Lokakarya tersebut dihadiri para peserta yang merupakan perwakilan dari Pemerintah Provinsi DKI Jakarta, Pemerintah Kota Medan, Pekanbaru, Balikpapan, Semarang, Bali, Manokwari, dan Jayapura.
Pada 2020 sebanyak 56,4 persen penduduk Indonesia tinggal di perkotaan. Pada saat Indonesia berusia satu abad pada 2045, proporsi penduduk yang tinggal di perkotaan diperkirakan meningkat hingga 67,1 persen.
Gabriel menambahkan, untuk mengatasi permasalahan yang muncul, pembangunan perkotaan harus diimbangi dengan solusi berbasis alam (nature-based solution).
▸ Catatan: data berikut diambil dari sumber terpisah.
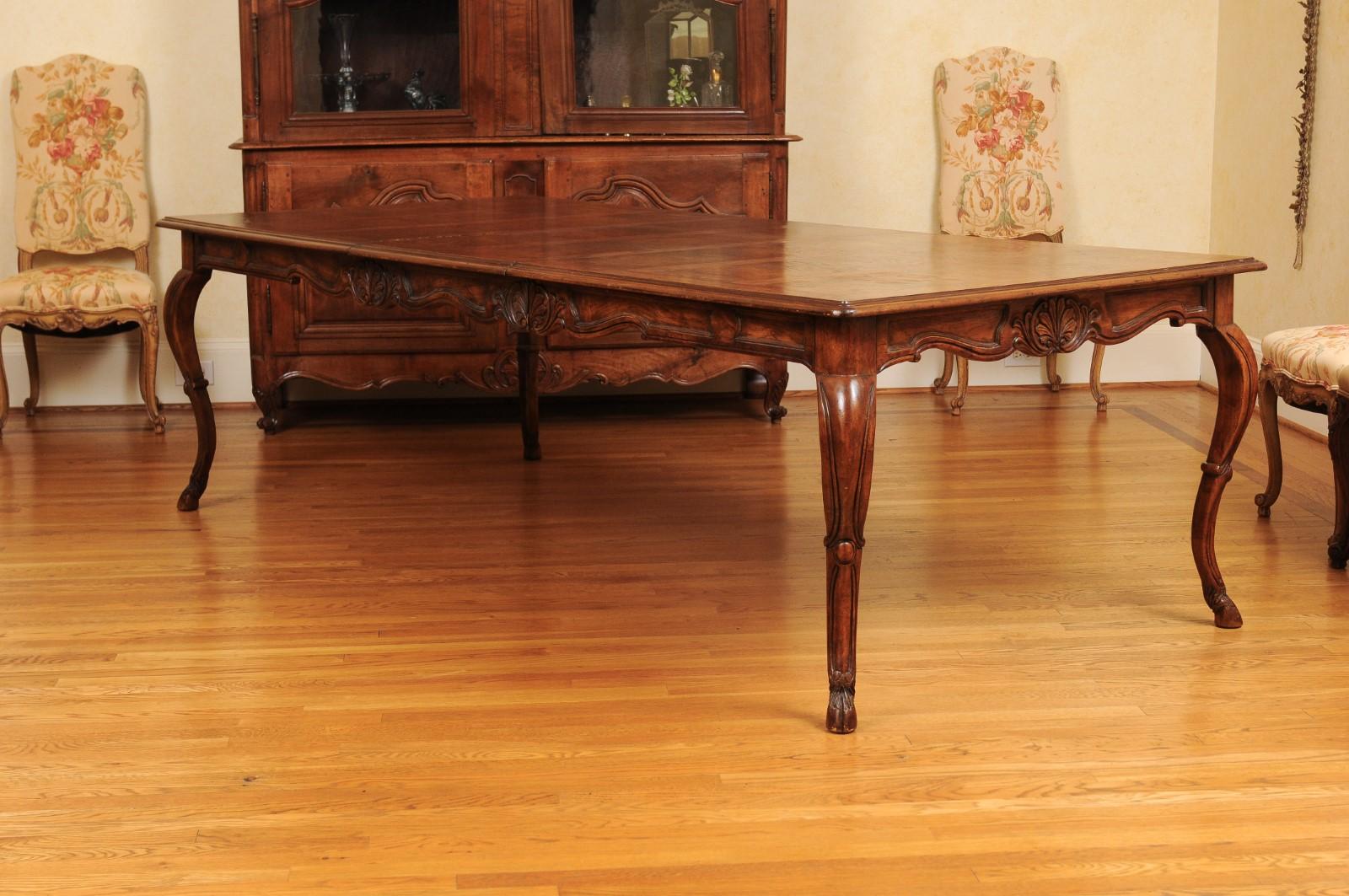 Carved French Louis XV Style 1880s Walnut Extension Dining Table with Two Leaves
Selain itu, ke depan sebuah lingkungan perkotaan yang tidak hanya membuat wealthy (makmur), tetapi juga membuat healthy (sehat) perlu disiapkan.
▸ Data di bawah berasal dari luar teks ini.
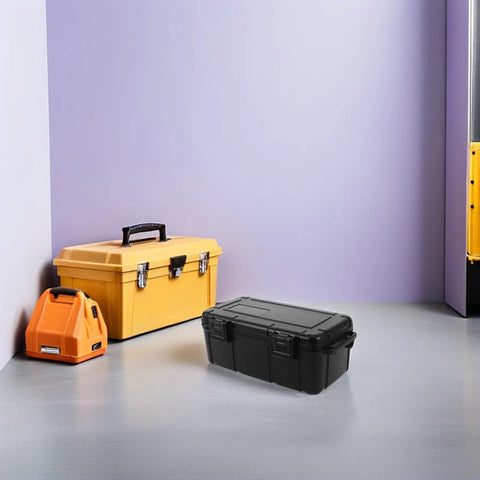 Portable Waterproof Tool Box Organizer with durable PP hard case, explosion-proof design, secure locking, rainproof storage
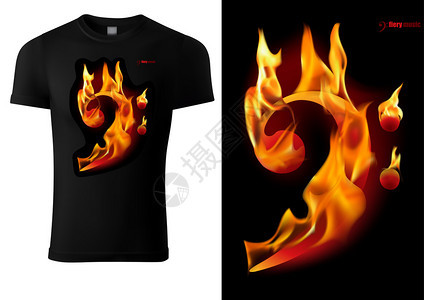 黑色T恤衫设计配有火焰音乐符号图片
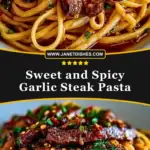Sweet and Spicy Garlic Steak Pasta Pin 1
”Perlu diingat bahwa tidak hanya kota, kita juga agar imbang konsentrasi ke rural sehingga bisa menekan angka urbanisasi dari desa ke kota,” ujarnya.
ZULIAN FATHA NURIZAL
Suasana diskusi dan tanya jawab dalam lokakarya ”Mengarusutamakan Solusi Berbasis Alam dalam Pembangunan Perkotaan” pada Rabu (7/12/2022) di Jakarta.
Komitmen
Selaras dengan Gabriel, Direktur Program World Research Institute (WRI) Indonesia Arief Wijaya menyatakan komitmennya untuk membantu pemerintah menciptakan kota dengan mengedepankan aspek lingkungan. Komitmen itu terlihat sejak 2019 saat WRI membuat gerakan Cities4Forests yang telah mendukung terciptanya kota yang lebih hijau di Jakarta, Medan, Balikpapan, Semarang, Denpasar, Jayapura, dan Manokwari.
”Pendekatan berbasis alam ini adalah konsep membangun dengan mengelola dan melindungi berbagai ekosistem alami maupun buatan yang ada di kota dan sekitarnya. Harapannya, akan tercipta efek positif tidak hanya pada lingkungan, tetapi juga pada kesejahteraan manusia,” kata Arief.
Sejak tahun 2019, bentuk komitmen yang diberikan, antara lain, analisis teknis, perumusan kebijakan, peningkatan kapasitas, dan penilaian kesiapan kota-kota untuk mengintegrasikan solusi berbasis alam dalam perencanaan spasial kota. Tujuan utamanya untuk melakukan konservasi, restorasi, dan pengelolaan hutan di dalam, dekat, dan jauh dari kota.
Pendekatan berbasis alam menjadi salah satu kunci dalam perencanaan inovatif penanggulangan dampak negatif perubahan iklim, terutama di kawasan perkotaan. Perencanaan pembangunan kota yang menyelaraskan kesejahteraan, kesehatan masyarakat, dan lingkungan dapat tercapai dengan pendekatan solusi berbasis alam.
KOMPAS/NELI TRIANA
Salah satu sisi Tebet Ecopark, Sabtu (30/4/2022).
”Selain itu, kami (WRI Indonesia) juga meningkatkan kesadaran masyarakat dan pemerintah akan pentingnya hutan dan pohon, meningkatkan kapasitas kota dalam melakukan konservasi, restorasi, dan pengelolaan hutan di dalam kota, hutan dekat kota, dan hutan jauh dari kota,” kata Arief.
Keberadaan hutan dalam kota berdampak pada kualitas udara yang lebih baik serta mencegah banjir. Arief mencontohkan, Tebet Ecopark sebagai bukti pembangunan kota yang selaras dengan alam.
Tebet Ecopark dinilai berhasil memadukan fungsi ekologis dengan sosial dan rekreasi dilengkapi dengan naturalisasi sungai serta pembangunan area rawa sebagai kolam retensi. Penanaman vegetasi juga membuat taman menjadi rindang mengundang banyak masyarakat untuk datang.